Spain remains in clinical research as one of the world leaders also in oncology. An international analysis carried out for the period 2004-2010 pointed out that 16 countries began a clinical trial in cancer before Spain, and now our country occupies the sixth position. “We have improved many positions in this time, although we still have a lot to improve and, above all, to maintain ourselves. We must improve oncology patient recruitment indicators –with 12% of hospitals not recruiting- and we face the challenge of increasingly targeted trials, with fewer patients, so it will be necessary to eliminate administrative barriers so that a A person who lives in an autonomous community that does not have a clinical trial for their tumor underway can join ”, explains Martín Uranga.
This outstanding position of Spain is not the result of chance, but of the work that has been carried out by both public and private agents, which has allowed the disruptive innovation promoted by the pharmaceutical industry to change the course of the disease, the prognosis and the quality of life for many cancer patients.

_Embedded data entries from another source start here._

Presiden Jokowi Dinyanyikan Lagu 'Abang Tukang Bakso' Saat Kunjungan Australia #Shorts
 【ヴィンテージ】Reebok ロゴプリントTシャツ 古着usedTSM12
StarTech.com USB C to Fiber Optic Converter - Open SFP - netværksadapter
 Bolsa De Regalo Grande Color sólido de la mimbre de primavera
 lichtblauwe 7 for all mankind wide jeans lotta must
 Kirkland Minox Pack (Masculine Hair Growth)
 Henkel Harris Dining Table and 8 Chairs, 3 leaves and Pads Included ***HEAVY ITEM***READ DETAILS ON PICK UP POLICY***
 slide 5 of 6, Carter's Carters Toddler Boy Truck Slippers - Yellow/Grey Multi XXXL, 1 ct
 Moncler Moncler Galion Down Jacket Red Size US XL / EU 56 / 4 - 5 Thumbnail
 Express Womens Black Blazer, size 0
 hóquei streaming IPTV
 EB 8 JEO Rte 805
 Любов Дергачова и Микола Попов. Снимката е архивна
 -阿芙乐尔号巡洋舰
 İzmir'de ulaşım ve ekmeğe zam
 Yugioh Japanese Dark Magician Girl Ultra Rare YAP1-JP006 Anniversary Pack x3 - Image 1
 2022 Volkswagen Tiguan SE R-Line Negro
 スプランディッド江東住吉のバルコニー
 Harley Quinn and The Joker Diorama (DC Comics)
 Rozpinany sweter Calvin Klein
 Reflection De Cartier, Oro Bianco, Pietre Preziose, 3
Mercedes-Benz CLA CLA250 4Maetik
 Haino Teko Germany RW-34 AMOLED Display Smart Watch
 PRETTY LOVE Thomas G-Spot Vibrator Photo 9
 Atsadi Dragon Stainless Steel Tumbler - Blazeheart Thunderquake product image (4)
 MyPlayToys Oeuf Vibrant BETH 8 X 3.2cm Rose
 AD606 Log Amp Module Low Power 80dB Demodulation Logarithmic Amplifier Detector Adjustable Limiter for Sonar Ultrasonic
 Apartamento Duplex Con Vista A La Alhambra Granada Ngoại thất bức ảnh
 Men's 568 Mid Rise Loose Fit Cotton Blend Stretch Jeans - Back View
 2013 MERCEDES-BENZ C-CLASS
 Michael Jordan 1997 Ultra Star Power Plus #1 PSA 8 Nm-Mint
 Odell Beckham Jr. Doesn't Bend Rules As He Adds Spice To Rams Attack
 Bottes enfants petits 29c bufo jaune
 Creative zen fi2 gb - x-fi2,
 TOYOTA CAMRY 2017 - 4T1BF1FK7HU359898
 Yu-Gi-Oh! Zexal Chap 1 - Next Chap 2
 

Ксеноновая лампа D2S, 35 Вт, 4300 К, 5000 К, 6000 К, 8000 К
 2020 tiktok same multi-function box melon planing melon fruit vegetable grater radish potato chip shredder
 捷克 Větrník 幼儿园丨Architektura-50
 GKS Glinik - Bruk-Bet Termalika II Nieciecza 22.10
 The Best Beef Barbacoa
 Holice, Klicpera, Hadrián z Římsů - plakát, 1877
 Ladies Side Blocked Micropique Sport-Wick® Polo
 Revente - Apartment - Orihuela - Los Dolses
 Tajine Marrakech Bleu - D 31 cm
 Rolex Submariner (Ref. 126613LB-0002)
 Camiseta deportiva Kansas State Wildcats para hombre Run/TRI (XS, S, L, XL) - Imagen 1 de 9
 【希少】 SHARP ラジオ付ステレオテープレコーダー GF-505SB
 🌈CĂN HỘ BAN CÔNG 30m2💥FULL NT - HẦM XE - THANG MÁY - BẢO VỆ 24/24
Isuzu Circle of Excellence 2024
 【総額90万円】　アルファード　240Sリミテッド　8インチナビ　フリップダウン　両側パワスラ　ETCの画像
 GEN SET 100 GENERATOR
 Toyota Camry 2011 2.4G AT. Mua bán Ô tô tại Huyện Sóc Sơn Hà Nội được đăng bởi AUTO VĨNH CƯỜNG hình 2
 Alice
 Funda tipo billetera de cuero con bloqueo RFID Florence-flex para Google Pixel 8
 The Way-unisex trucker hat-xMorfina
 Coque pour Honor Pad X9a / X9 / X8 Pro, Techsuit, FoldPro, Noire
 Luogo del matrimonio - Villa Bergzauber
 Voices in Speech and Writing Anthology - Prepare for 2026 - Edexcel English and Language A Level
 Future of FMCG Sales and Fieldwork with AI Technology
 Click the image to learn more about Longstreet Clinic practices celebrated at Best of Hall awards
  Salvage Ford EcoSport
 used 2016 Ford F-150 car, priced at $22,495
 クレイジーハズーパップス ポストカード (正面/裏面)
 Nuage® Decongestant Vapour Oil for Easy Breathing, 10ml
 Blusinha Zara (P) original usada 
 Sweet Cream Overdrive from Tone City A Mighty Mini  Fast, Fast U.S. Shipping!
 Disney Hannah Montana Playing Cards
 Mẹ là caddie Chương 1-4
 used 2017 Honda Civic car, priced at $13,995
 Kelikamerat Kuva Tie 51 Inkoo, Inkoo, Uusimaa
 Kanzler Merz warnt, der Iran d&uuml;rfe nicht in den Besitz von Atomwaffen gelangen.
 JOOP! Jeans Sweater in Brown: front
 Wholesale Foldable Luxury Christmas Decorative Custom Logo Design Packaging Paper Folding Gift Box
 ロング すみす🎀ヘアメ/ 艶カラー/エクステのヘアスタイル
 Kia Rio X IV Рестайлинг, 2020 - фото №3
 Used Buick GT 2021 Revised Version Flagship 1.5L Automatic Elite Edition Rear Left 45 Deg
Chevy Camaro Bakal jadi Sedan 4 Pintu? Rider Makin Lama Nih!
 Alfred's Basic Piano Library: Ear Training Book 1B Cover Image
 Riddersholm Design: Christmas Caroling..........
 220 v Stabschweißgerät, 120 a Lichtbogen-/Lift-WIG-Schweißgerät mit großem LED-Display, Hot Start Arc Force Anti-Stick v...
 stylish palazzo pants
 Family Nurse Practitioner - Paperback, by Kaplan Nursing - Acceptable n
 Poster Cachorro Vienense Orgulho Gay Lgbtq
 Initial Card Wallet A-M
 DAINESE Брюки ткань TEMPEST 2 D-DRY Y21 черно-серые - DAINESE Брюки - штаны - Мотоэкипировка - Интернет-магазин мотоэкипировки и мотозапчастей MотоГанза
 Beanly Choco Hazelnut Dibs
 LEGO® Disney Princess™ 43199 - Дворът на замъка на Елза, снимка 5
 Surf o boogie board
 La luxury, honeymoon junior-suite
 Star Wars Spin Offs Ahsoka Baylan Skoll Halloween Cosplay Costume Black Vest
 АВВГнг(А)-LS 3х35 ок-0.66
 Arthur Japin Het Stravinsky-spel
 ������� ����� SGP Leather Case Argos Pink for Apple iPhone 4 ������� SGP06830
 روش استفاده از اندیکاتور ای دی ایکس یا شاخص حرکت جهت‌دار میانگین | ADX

“The high scientific level of our professionals and health centers and the fact that companies are betting on Spain – for many multinationals our country ranks second in trials, only behind the United States – are the factors that have made it possible that our country is a reference in biomedical research for cancer. This translates into more investments for hospitals, more knowledge for our professionals and, above all, more hope for our patients ”, concludes the coordinator of the Platform for Innovative Medicines of Farmaindustria.